Health News Review

The journal PLoS Medicine has begun to publish a series of articles -  “a multidisciplinary approach to exploring the role in health of Big Food, which we define as the multinational food and beverage industry with huge and concentrated market power.”  Excerpt of an editors’ note:

Original image by Todd Hryckowian at flickr.com, with enhancements by Lizzy Parisotto, PLoS.

“The time is ripe for PLoS Medicine to shine a light on Big Food. Foremost, large food and beverage companies now have an undeniably influential presence on the global health stage. Whether it’s food company executives providing expertise at major conferences and high-level UN meetings or major global health funders lecturing on what nongovernmental organizations can learn from Coca-Cola, the perspectives and experiences of Big Food are shaping the field of global health. At the same time that their expertise is elevated in global health debates, food companies are rebranding themselves as “nutrition companies,” offering business acumen and knowledge in food science and distribution, and asserting authority over solutions to problems not just of food production but of malnutrition, obesity, and even poverty. The legitimization of food companies as global health experts is further fueled by the growing number of private-public partnerships with public health organizations, ostensibly designed to foster collaborative action to improve people’s health and wellbeing. And yet food companies’ primary obligation is to drive profit by selling food. Why does the global health community find this acceptable and how do these conflicts of interest play out?

Indeed, while problems of obesity and associated disease are dominating discussions and debates in health around the world, there’s a concomitant gulf of critical perspectives on the food industry’s role and competing interests. Despite PLoS Medicine‘s longstanding interest in the tobacco, pharmaceutical, and other industries in health, for example, we have paid relatively little attention to the activities and influence of food and beverage companies.”

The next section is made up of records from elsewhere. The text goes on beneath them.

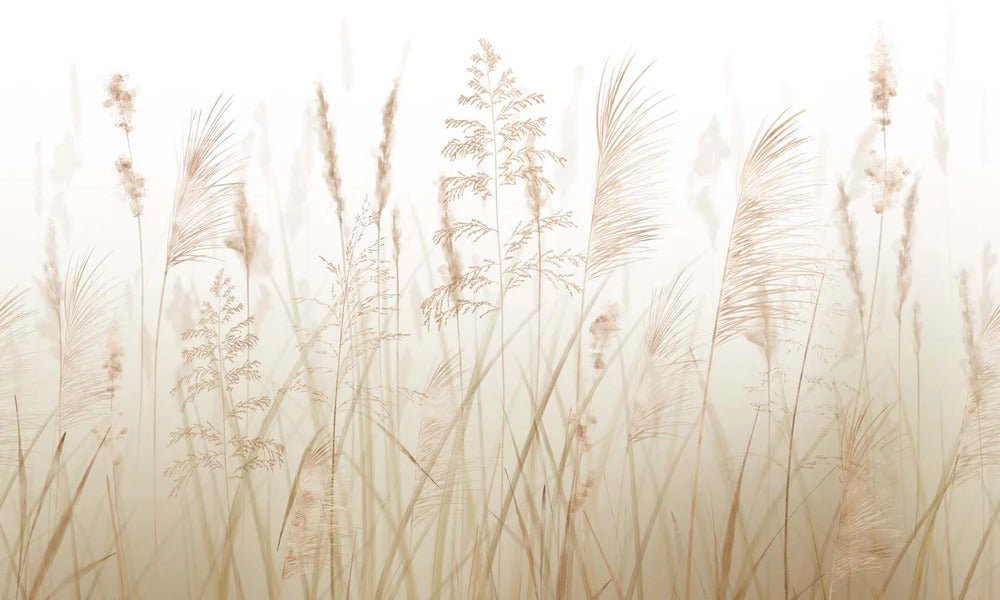 Fondo de flores de campo de trigo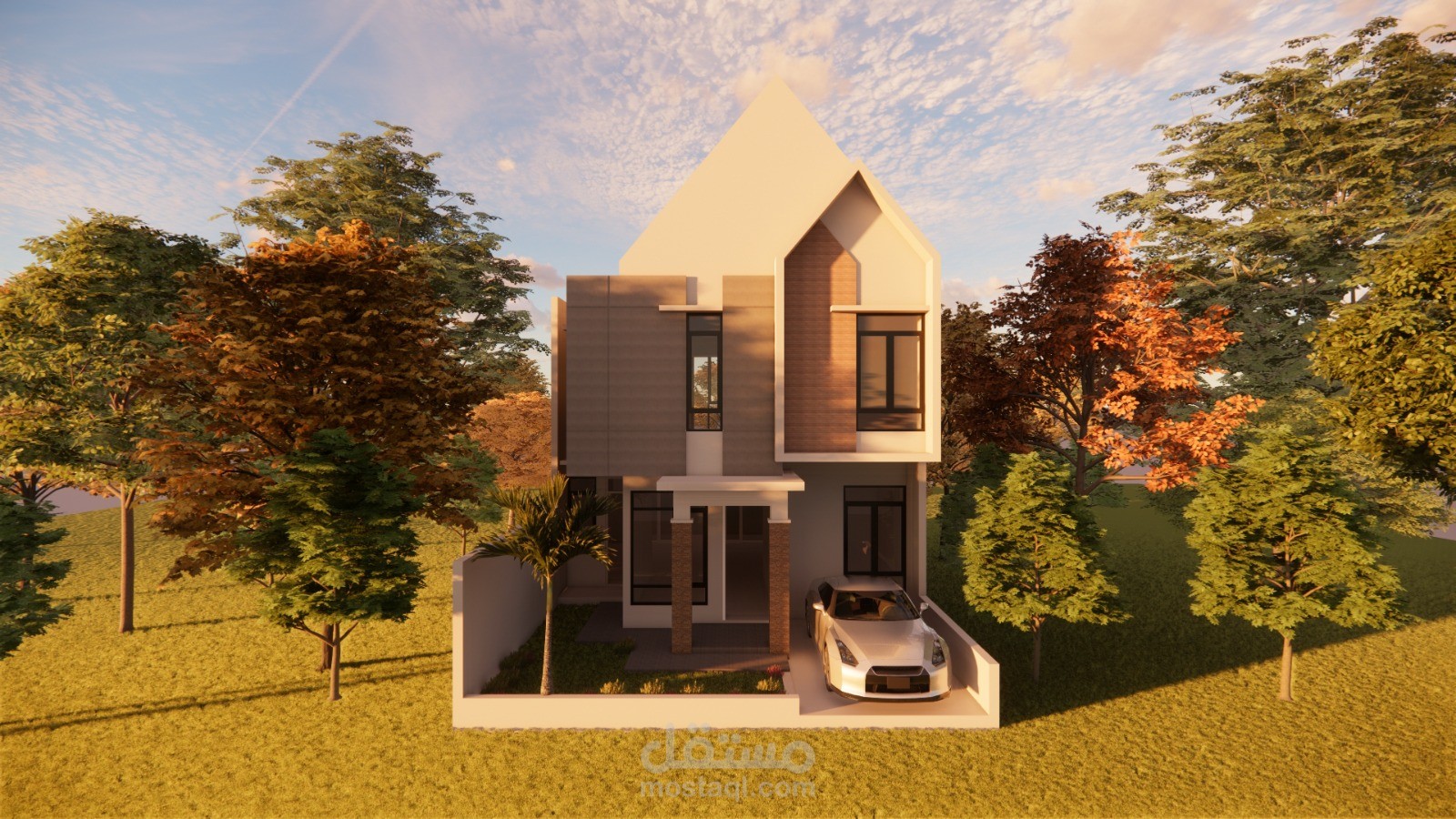 تصميم واجهة منزل حديث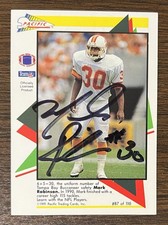 MARK ROBINSON AUTOGRAPHED 1991 PACIFIC FOOTBALL CARD # 87 TAMPA BAY BUCCANEERS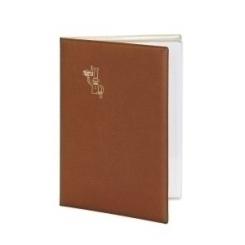 Carpeta Portamenus Pardo Pvc Fº Marron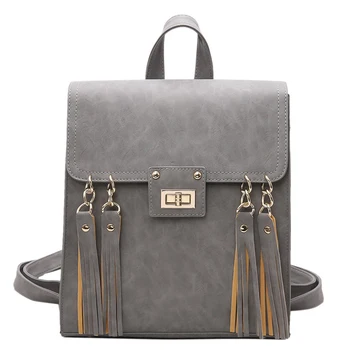 Tassel Women travel Backpacks Gril School Bags for women 2018 Teenagers High Quality Black Pu Leather Backpack mochilas mujer
Tassel Women travel Backpacks Gril School Bags for women 2018 Teenagers High Quality Black Pu Leather Backpack mochilas mujer
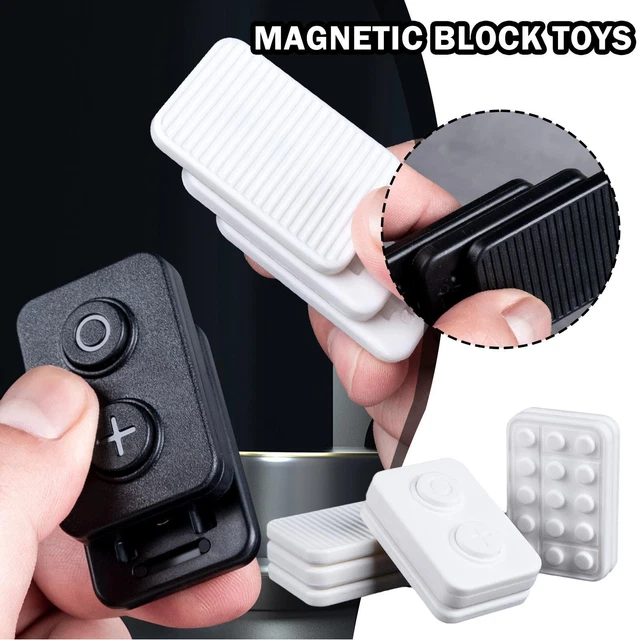 Magnetic Fidget Sliders EDC Fidget Push Clickers ABS Adults Desk .P7 Focus E7S8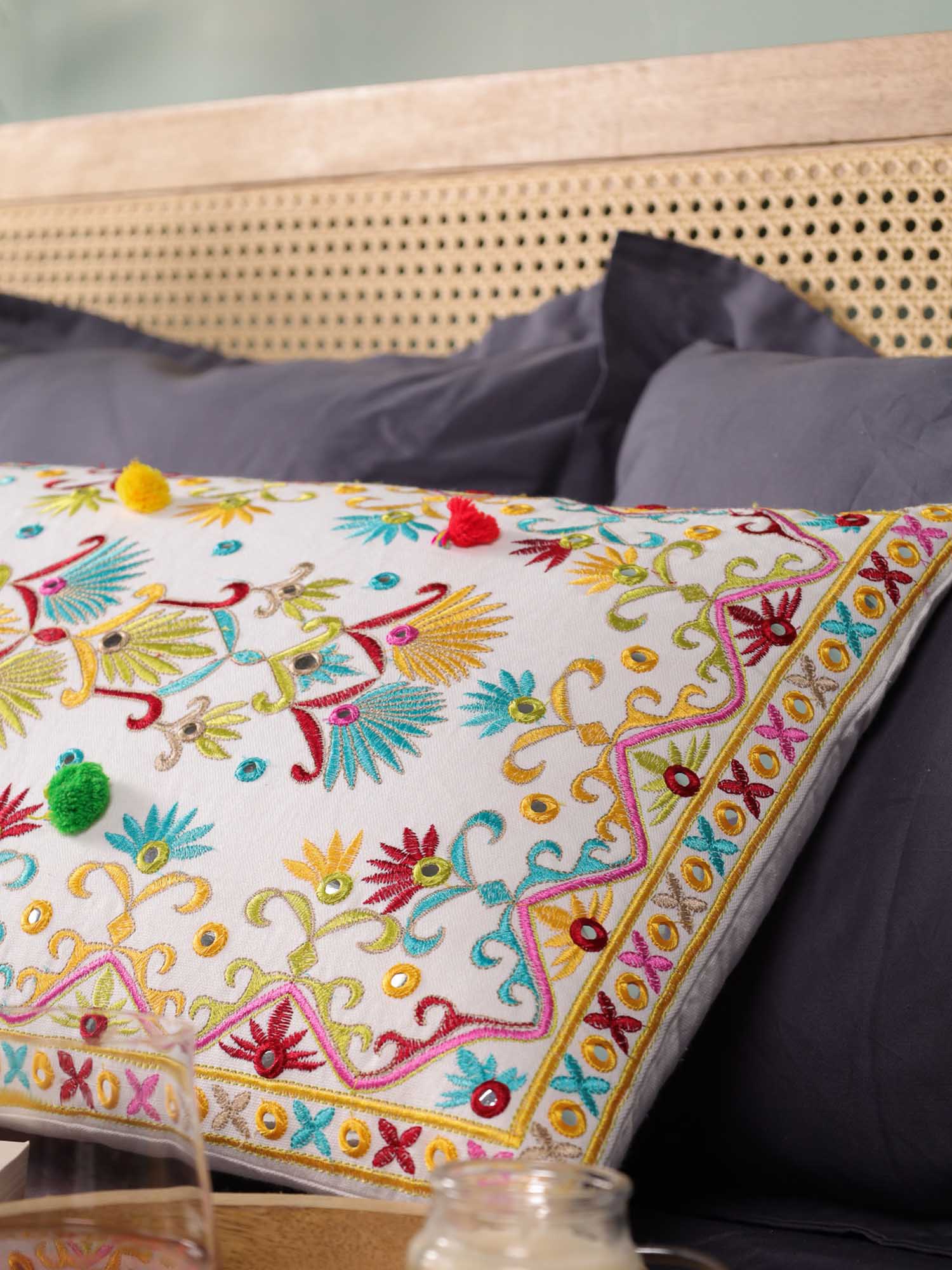 Yellow Gypsy Dream Long Pillow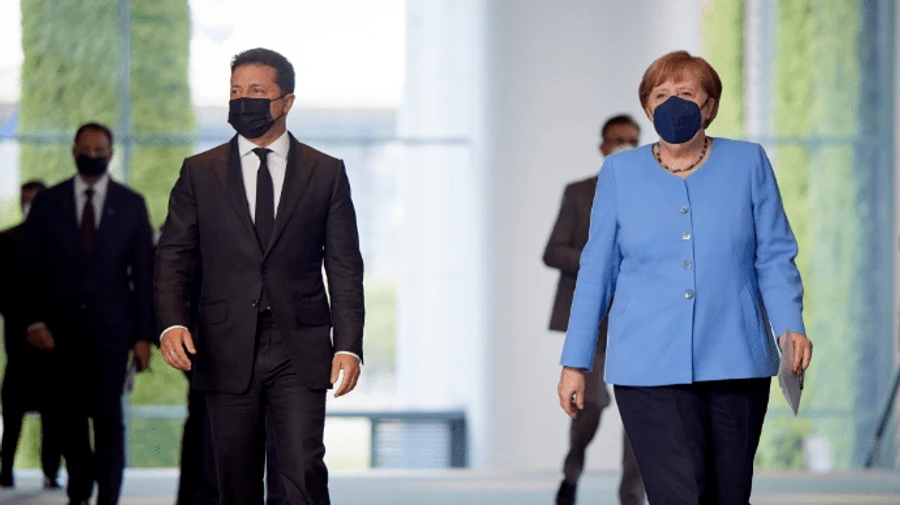 Зустріч Зеленського і Меркель завершилася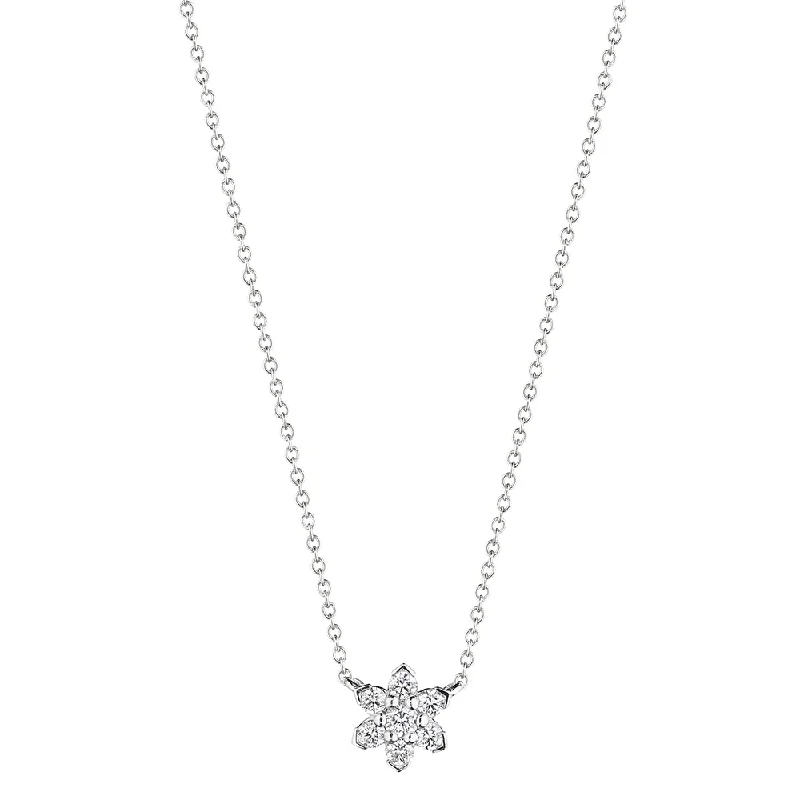 Cross pendant necklaces  Verragio 18k Gold Mini Star Diamond Pendant Necklace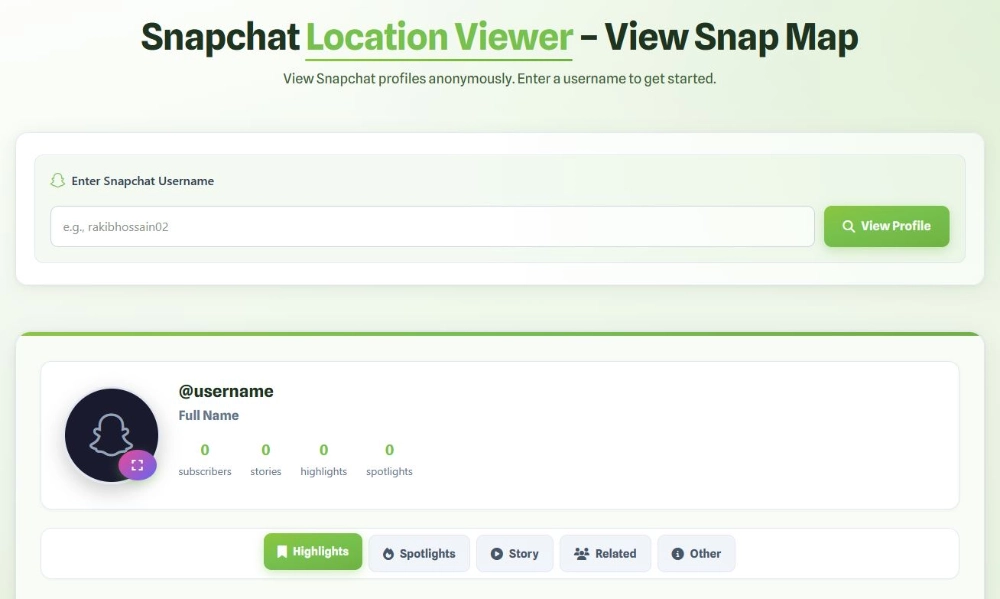 Snapchat Location Viewer — Snap Map on Storiewer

Here are links to two pieces:

Comments

mary posted on June 22, 2012 at 7:20 pm

Great Read! We need to join together as ‘eaters’ and force more nutritous meals out of the big companies!

Ramachandran posted on June 22, 2012 at 11:34 pm

Eat to living; don’t live to eat

kala posted on June 25, 2012 at 3:27 pm

Consider this blurb from the AARP Bulletin of May 30, 2012
Tax Attack:Is it time for a sugar tax?

Take a moment to consider this health care prescription from Adam Smith: “Sugar, rum and tobacco are commodities which are nowhere necessaries of life, [but] which are … objects of almost universal consumption and which are therefore extremely proper subjects of taxation.” In the two centuries since, policy-makers have followed his advice — with one glaring exception: sugar.
Maybe this issue has finally reached the mainstream, as it should have done years ago.